__Input for this task__:
□ □ □

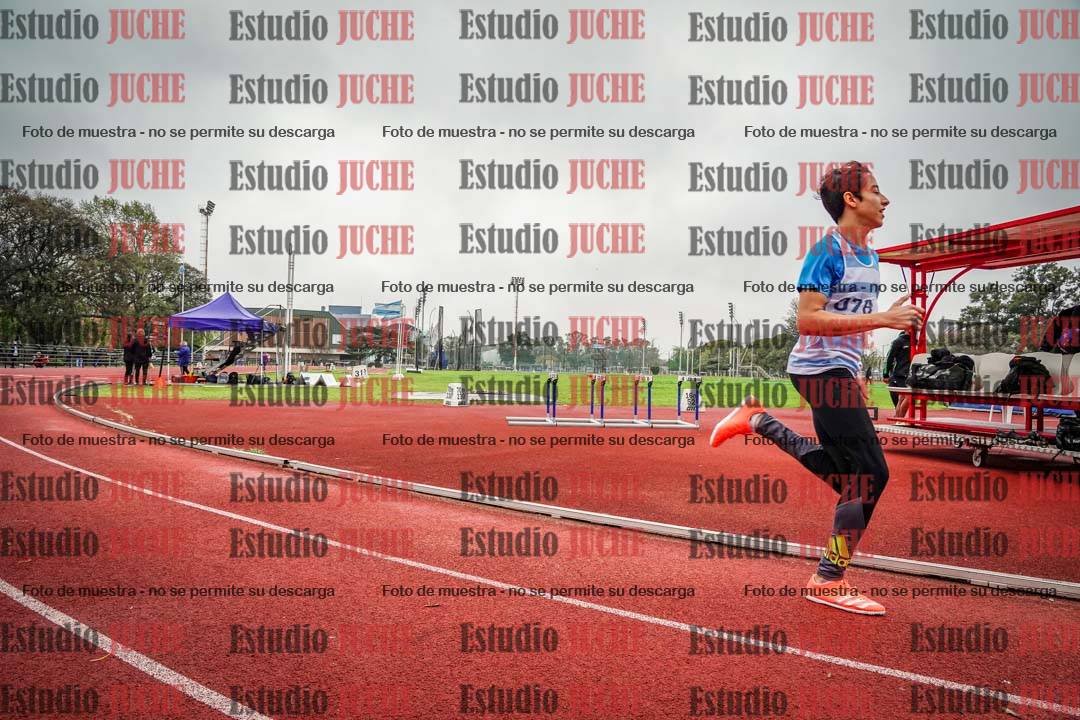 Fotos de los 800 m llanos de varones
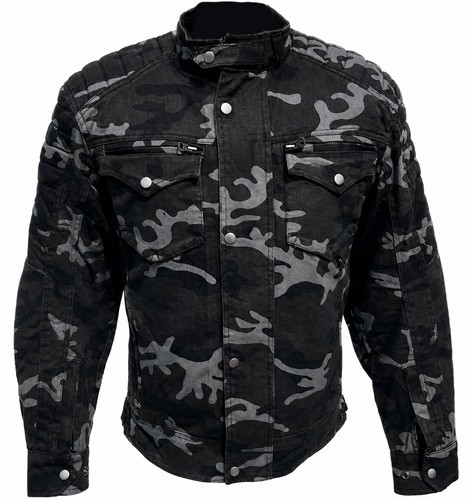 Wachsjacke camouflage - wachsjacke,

□ □ □

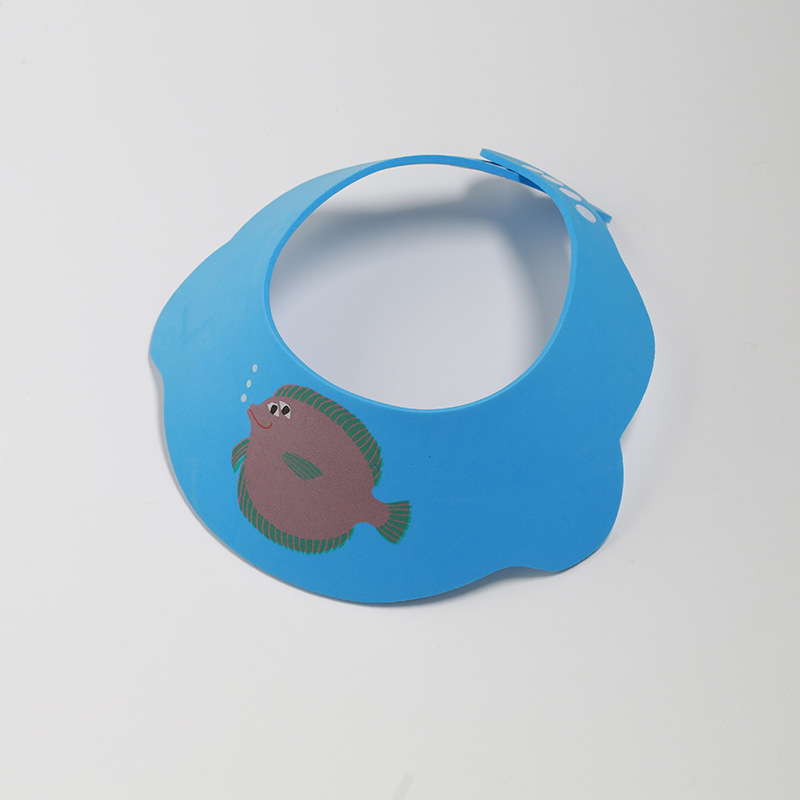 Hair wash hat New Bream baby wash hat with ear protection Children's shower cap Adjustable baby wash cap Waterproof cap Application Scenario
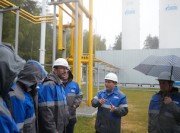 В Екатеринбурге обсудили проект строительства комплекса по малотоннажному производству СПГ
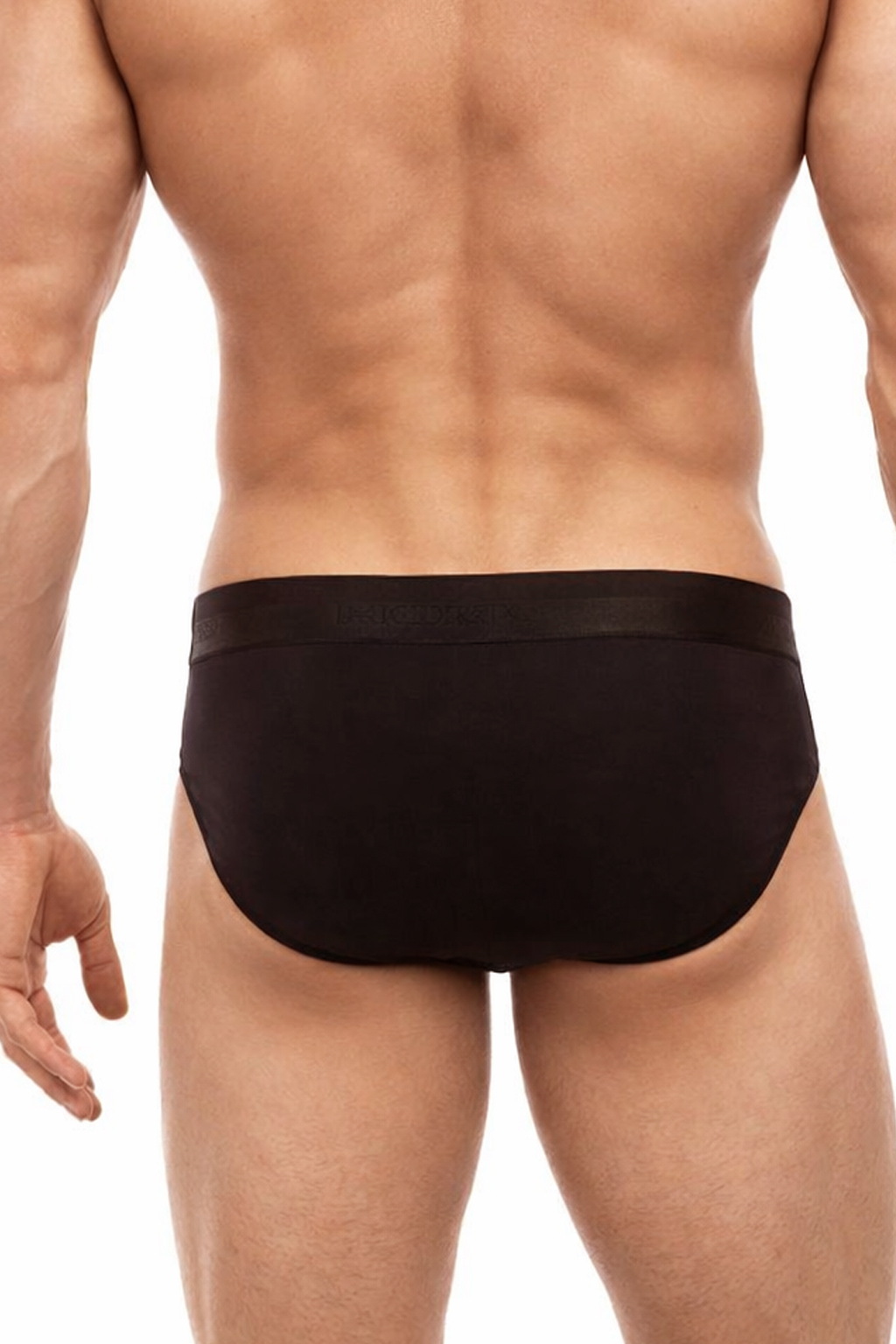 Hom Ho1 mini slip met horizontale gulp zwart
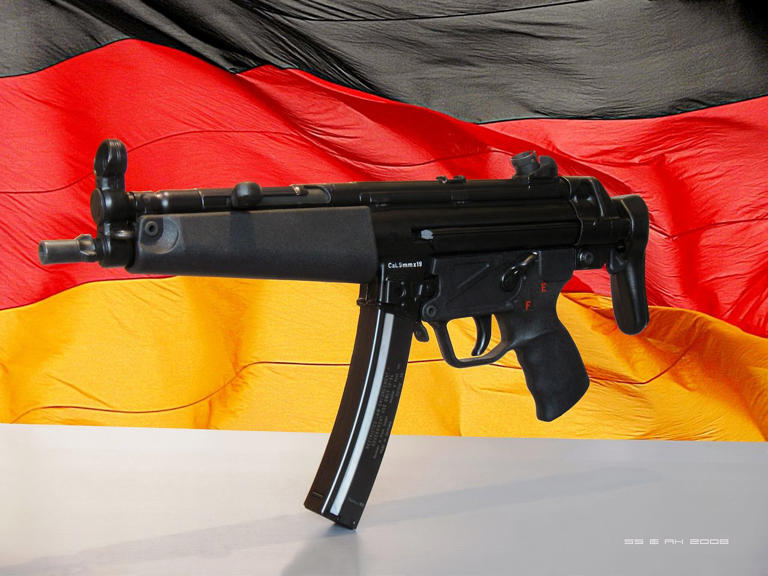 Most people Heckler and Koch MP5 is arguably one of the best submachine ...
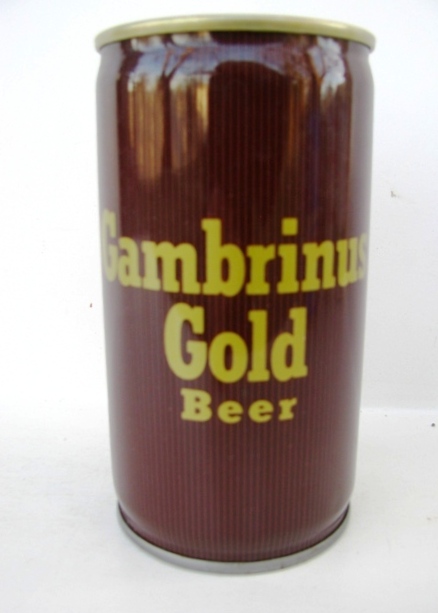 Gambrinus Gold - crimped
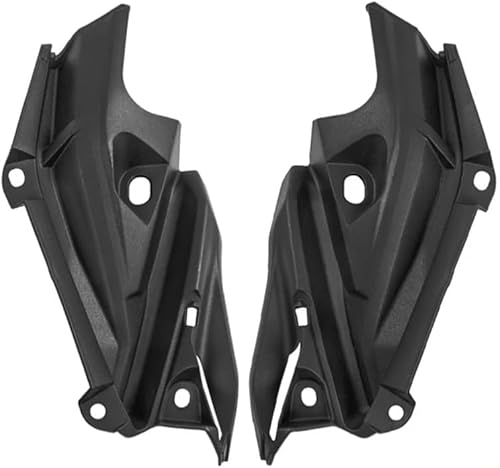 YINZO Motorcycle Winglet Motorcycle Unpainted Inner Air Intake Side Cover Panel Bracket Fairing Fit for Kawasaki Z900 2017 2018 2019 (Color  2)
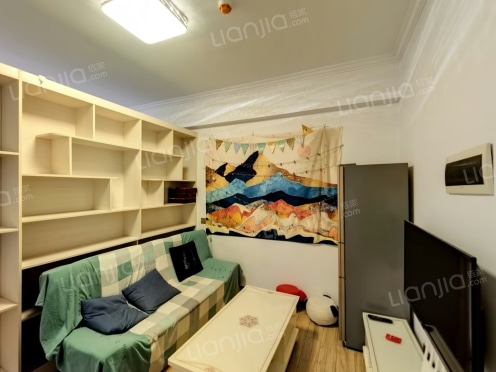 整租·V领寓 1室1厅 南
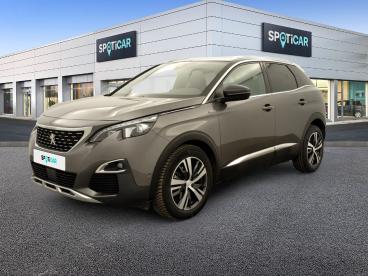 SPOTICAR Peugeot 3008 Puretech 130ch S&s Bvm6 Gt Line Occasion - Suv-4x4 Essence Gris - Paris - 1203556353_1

□ □ □

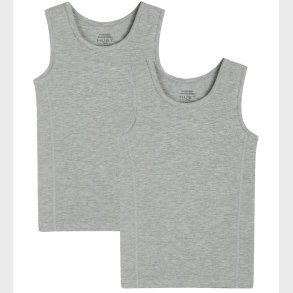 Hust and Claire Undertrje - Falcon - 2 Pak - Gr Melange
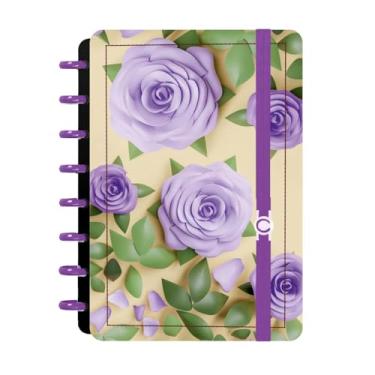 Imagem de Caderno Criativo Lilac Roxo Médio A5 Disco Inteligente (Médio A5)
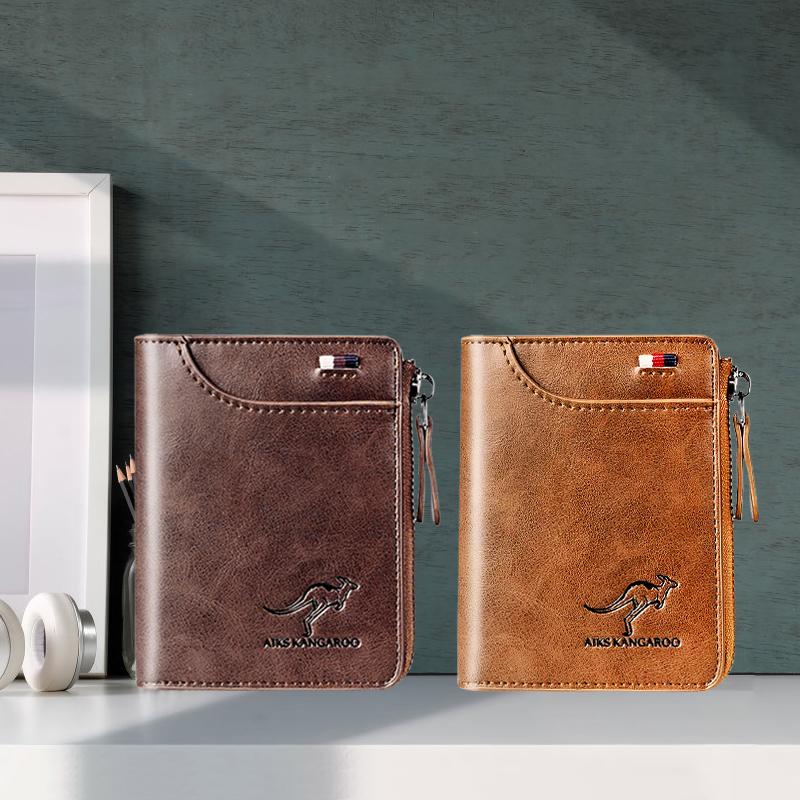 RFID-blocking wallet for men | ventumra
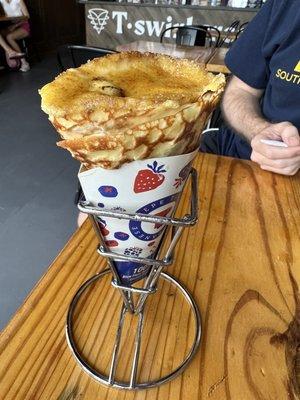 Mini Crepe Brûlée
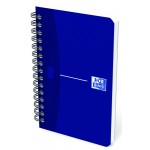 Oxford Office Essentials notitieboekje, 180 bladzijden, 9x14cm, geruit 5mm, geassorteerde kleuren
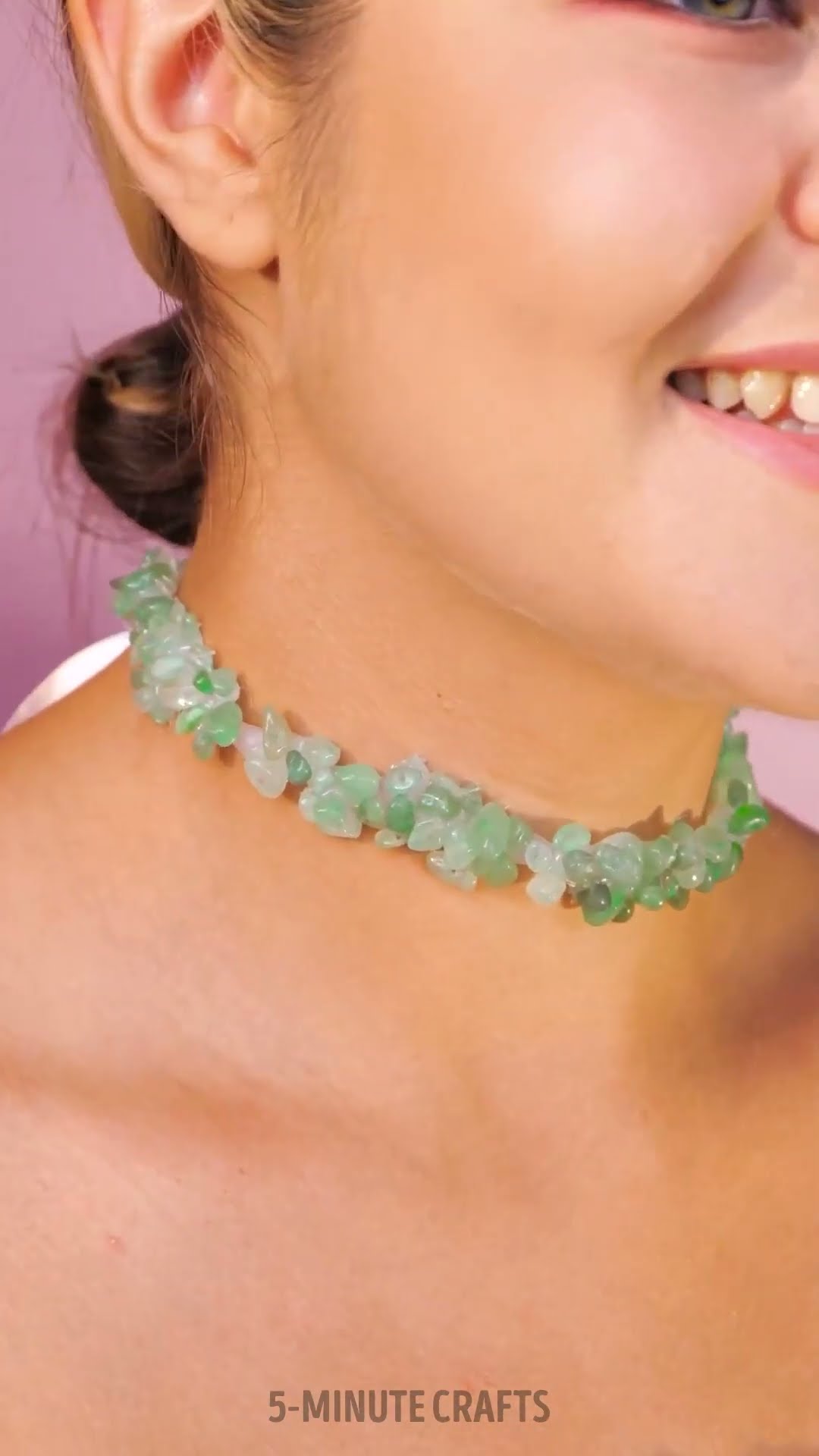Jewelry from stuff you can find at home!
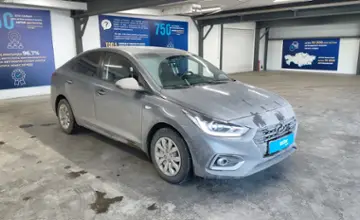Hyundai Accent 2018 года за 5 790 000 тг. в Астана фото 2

□ □ □

__Directions__: With the pictures omitted, print the lines above exactly, beginning at the line with "Oxford Office Essentials" and going on through the line with "Hyundai Accent 2018".

__Solution__:
 Oxford Office Essentials notitieboekje, 180 bladzijden, 9x14cm, geruit 5mm, geassorteerde kleuren
Jewelry from stuff you can find at home!
Hyundai Accent 2018 года за 5 790 000 тг. в Астана фото 2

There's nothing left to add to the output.